Hobbes as a case study of the importance of studying political myth-making
Schmitt’s study contains a sustained and often interesting discussion of how Hobbes deployed mythic symbols as a creative supplement to his more general use of rationalistic, even scientific, argumentation (Schmitt 1996b: 5–12, 19, 26, 49, 52, 62–3, 74, 81–4, 94–5). With respect to either the creators of myth, or those who receive and believe in them, he expressly states that his primary question is located not primarily, or exclusively, at the level of individual psychology, or biography. Instead, it is articulated within a theoretical framework that requires a widely credible myth of the nature of a nation state, with the latter interpreted as an overarching collective force. That is, a secular god-like figure of a sovereign-representative-person, the totality of which is more than the sum of his parts. Given the difficult historical conditions of 17th-century England under which Hobbes was writing, this image of sovereignty was required to respond to the collective needs of his fellow citizens. These included a requirement for a strong and higher public authority sufficient to end a fearful type of internal conflict and resulting insecurities. Within a 17th-century English historical context, Hobbes re-affirmed the rationale of an absolutist type of state.

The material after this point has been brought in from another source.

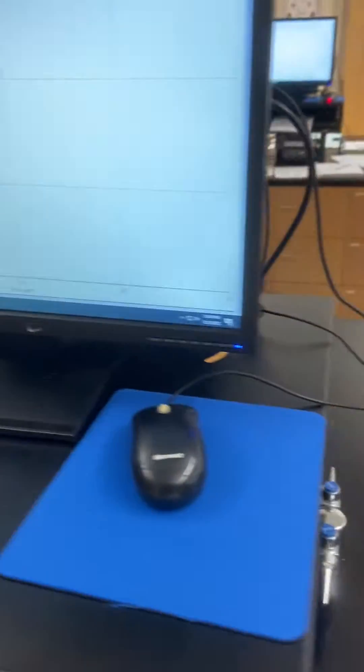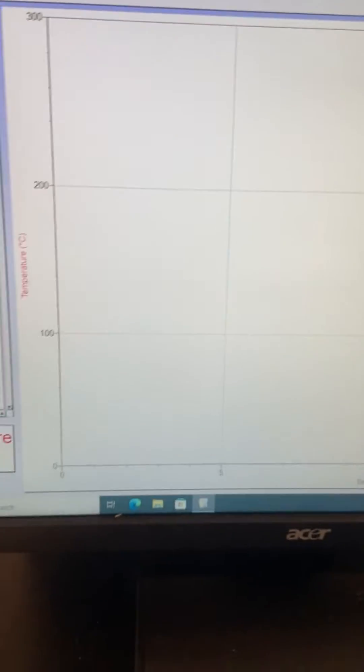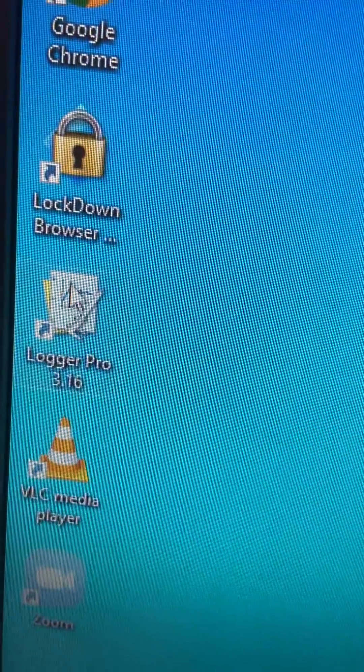On the PC, we have a program called Logger Pro. It's on the desktop over here.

Yet, according to Schmitt, the type of a myth required for such original and contextual affirmation of a need for state-guaranteed security and protection must also be supplemented by concrete mythic images. These must prove themselves adequate to the later historical development of the extensive machinery of public sector operations. Such complementary mythology is not, however, that of a ‘total’, or ‘quantitative’, type of state which, in keeping with the imperatives of a totalitarian regime, dissipates its power by seeking in vain to intervene everywhere and regulate everything. Instead, a mythic figure of sovereignty as something only relatively transcendent needs to arise in response to a cultural tradition’s already constituted need for collective security. The latter is itself an integral life-element of every citizen: one that generally both pre-dates and post-dates the existence of each. The resulting myth, conditioned by the context of its emergence, permanently risks becoming anachronistic following developments with this cultural tradition. These include the rise of a semi-autonomous form of technology and processes of industrialisation radiating potentially totalitarian implications, which largely evade systems of control:
The sovereign-representative-person is much more than the sum total of all the participating particular wills. To be sure, the accumulated anguish of individuals who fear for their lives brings about this new power, but it affirms rather than creates this new god. To this extent the new god is transcendent vis-à-vis all contractual partners of the covenant and vis-à-vis the sum total, obviously (though) only in a juristic and not in a metaphysical sense. The sovereign-representative person cannot thus delay the complete mechanization of the state. It is only a time-bound expression of the baroque idea of representation of the seventeenth century, of absolutism, not of ‘totalism’.
(Schmitt 1996b: 26)
Schmitt claims it is particularly important to recognise the mythic qualities of the leviathan symbol that adorns the frontispiece of this work. He implies a need to emulate the approach of social anthropology, particularly its receptiveness to questions of plural significations. It is necessary to address the historical accumulation of multiple cultural meanings and associations drawn from a number of distinct genres, each of which exhibits its own strengths, limitations and intensities:
In the long history of political theories, … this leviathan is the strongest and most powerful image … in the mythic sense of a secular image of battle. … As a symbol of a political unity, the leviathan is … not just any ‘corpus’ or just any kind of beast. It is an image from the Hebrew Bible, one garbed in the course of many centuries in mythical, theological and cabbalistic meanings.
(Schmitt 1996b: 5–6)
As Dean notes, ‘more than most thinkers, Schmitt knows the emotional charge that can electrify symbol and myth’ (2006: 13). For his part, Schmitt suggests, for example, that the Jewish use of this symbol expresses ‘political myths of the most astonishing kind and by documents often fraught with downright magical intensity’ (1996b: 8). Hobbes, by contrast, appears to approach the leviathan myth in a far less serious even cavalier manner.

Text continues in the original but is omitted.